Records for the task:
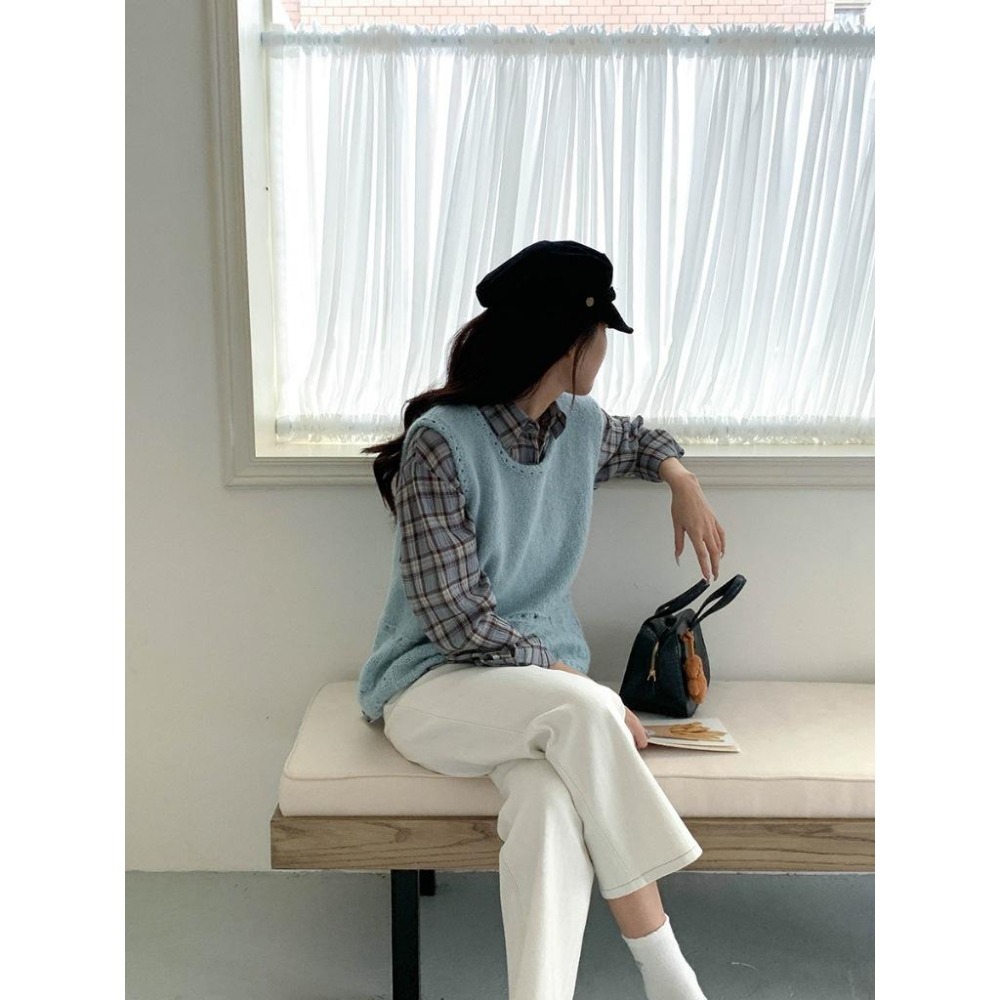 早秋穿搭 6%羊毛 鏤空圓領針織背心 小眾設計疊穿馬甲 *4色 | kukuta-細節圖6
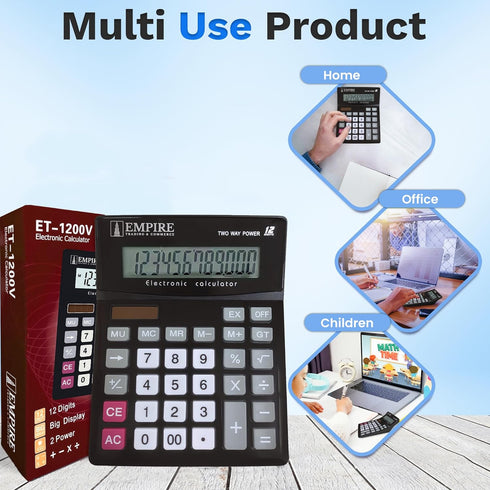 Empire Desk Calculator, 12 Digits, Large Key Buttons, Eye-Angled Display, Solar and Battery Powered for Home and Office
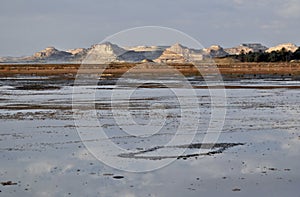 Salt lake in the Siwa oasis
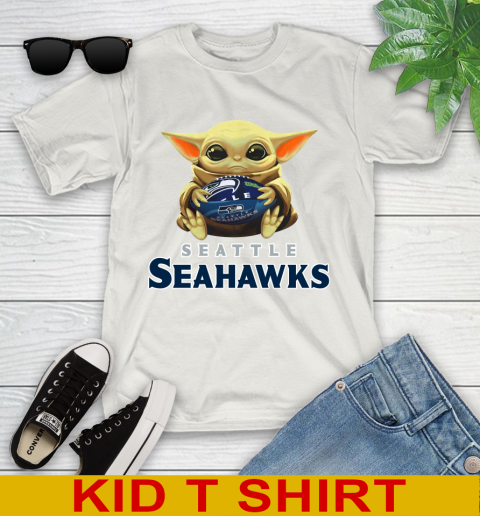 NFL Football Seattle Seahawks Baby Yoda Star Wars Shirt Youth T-Shirt 12
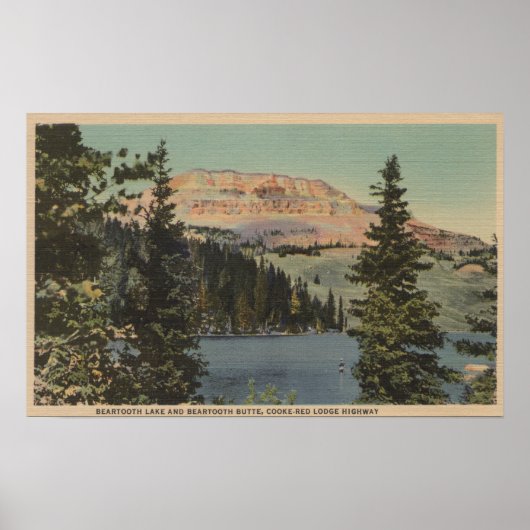 Red Lodge, MT - Uitzicht van het meer van Beartoot Poster (Voorkant)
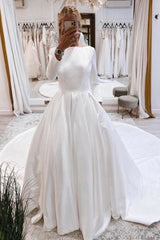 Vintage White Bateau Long A-Line Wedding Dress with Sleeves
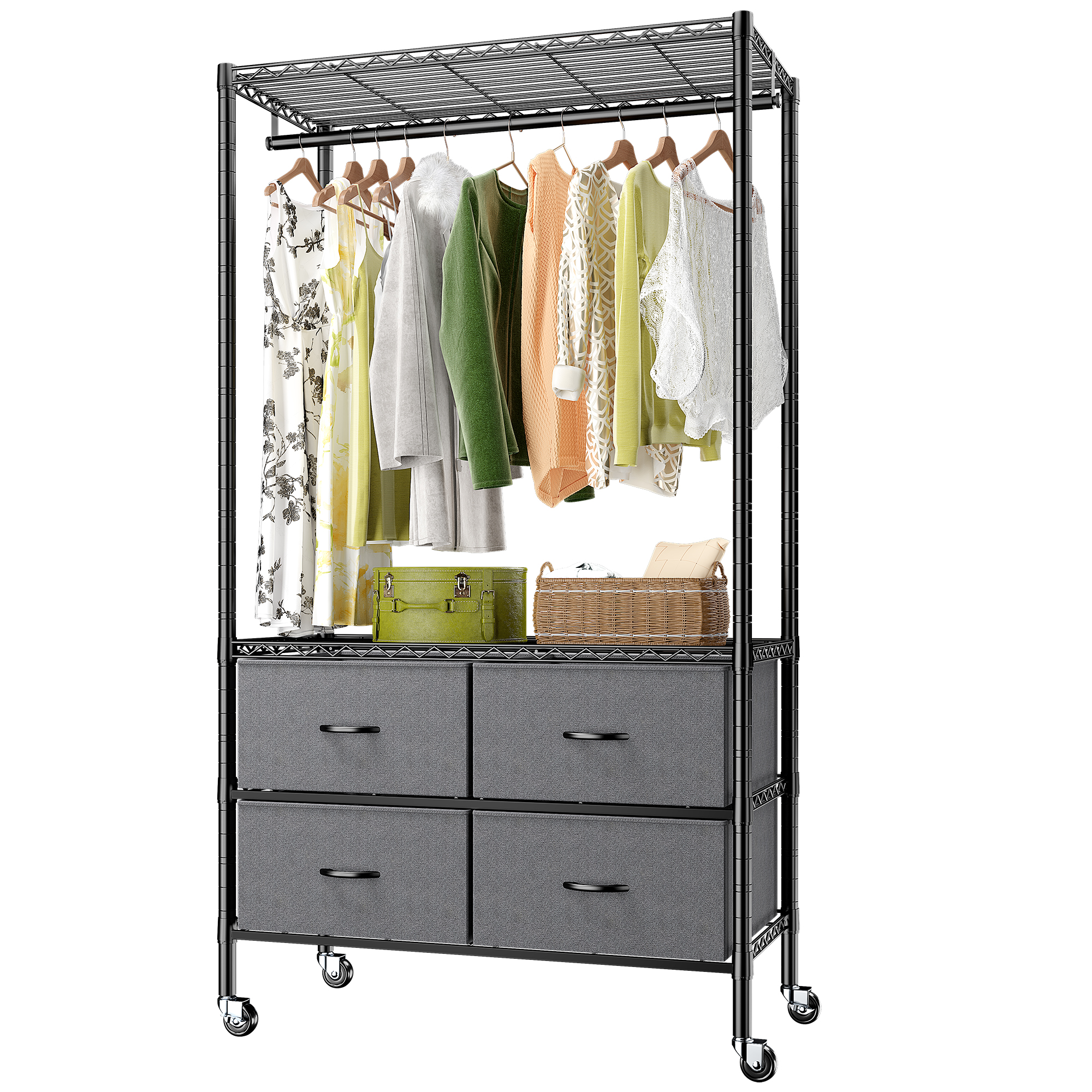 Mainstays Adjustable Rolling Corner Garment Rack, Metal Chrome and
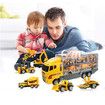 Die Cast Truck Construction Vehicle Toy Mini 6in1 Engineering Set Carrier Playset Boys Dumper Bulldozers Forklift Tank Asphalt Excavator Gift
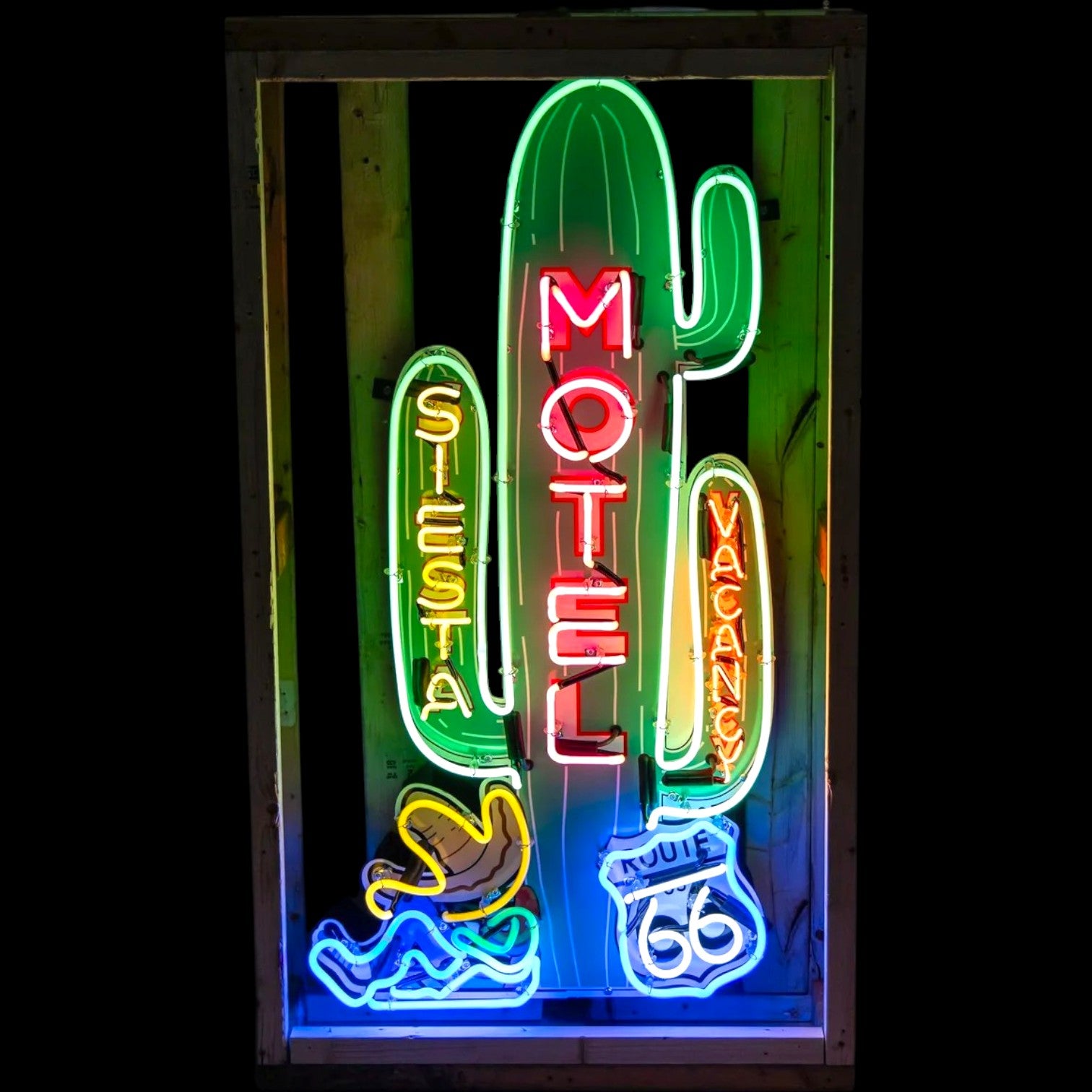 Route 66 Cactus Siesta Motel Neon Sign – Vintage Iconic Americana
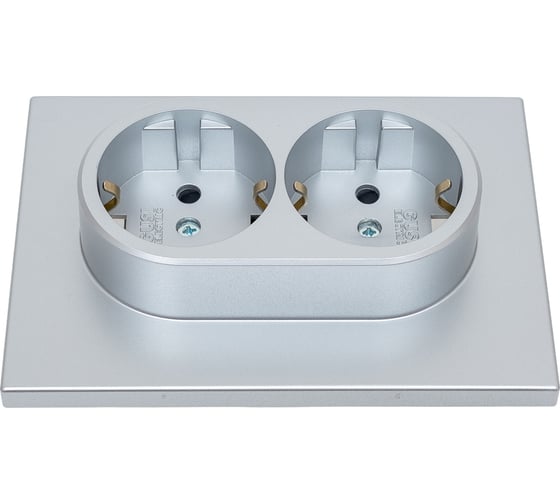 Механизм розетки GUSI Electric GUSI UGRA 2-ой с/з с з/ш, скрытая установка, 16А, 250В Цвет серебро C11Р6-004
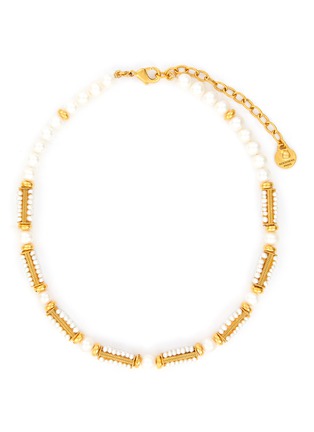 Main View - Click To Enlarge - GOOSSENS - Venise Pearl Gold Plated Short Necklace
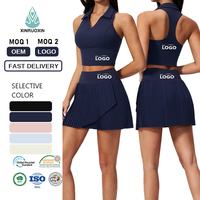 V-Ausschnitt Großhandel Polo Halter mit Eingebautem BH Individuelles Logo Hohe Taille Damen Schnelltrocknend Golf Workout Zweiteiliges Skort-Set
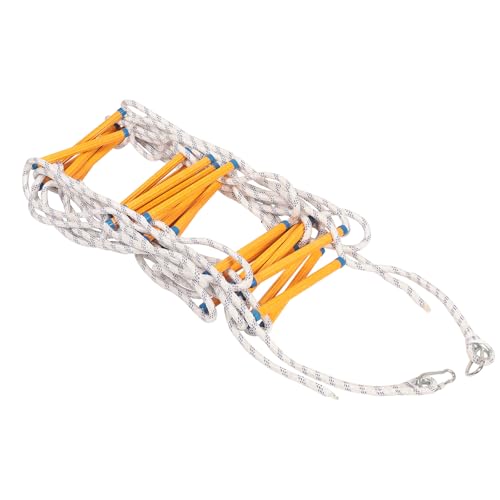 EGTink Strickleiter Feuerleiter Fluchtleiter,10m Rettungsleiter mit Haken für 2-3 Stöckiges Haus,Notleiter Mehrzweckleiter Feuerleiter,für Balkon Geländer Baumhaus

Work order: Output every entry word for word, but omit the pictures.

Solution to this problem:
 早秋穿搭 6%羊毛 鏤空圓領針織背心 小眾設計疊穿馬甲 *4色 | kukuta-細節圖6
 Empire Desk Calculator, 12 Digits, Large Key Buttons, Eye-Angled Display, Solar and Battery Powered for Home and Office
 Salt lake in the Siwa oasis
 NFL Football Seattle Seahawks Baby Yoda Star Wars Shirt Youth T-Shirt 12
 Red Lodge, MT - Uitzicht van het meer van Beartoot Poster (Voorkant)
 Vintage White Bateau Long A-Line Wedding Dress with Sleeves
 Mainstays Adjustable Rolling Corner Garment Rack, Metal Chrome and
 Die Cast Truck Construction Vehicle Toy Mini 6in1 Engineering Set Carrier Playset Boys Dumper Bulldozers Forklift Tank Asphalt Excavator Gift
 Route 66 Cactus Siesta Motel Neon Sign – Vintage Iconic Americana
 Механизм розетки GUSI Electric GUSI UGRA 2-ой с/з с з/ш, скрытая установка, 16А, 250В Цвет серебро C11Р6-004
 Main View - Click To Enlarge - GOOSSENS - Venise Pearl Gold Plated Short Necklace
 V-Ausschnitt Großhandel Polo Halter mit Eingebautem BH Individuelles Logo Hohe Taille Damen Schnelltrocknend Golf Workout Zweiteiliges Skort-Set
 EGTink Strickleiter Feuerleiter Fluchtleiter,10m Rettungsleiter mit Haken für 2-3 Stöckiges Haus,Notleiter Mehrzweckleiter Feuerleiter,für Balkon Geländer Baumhaus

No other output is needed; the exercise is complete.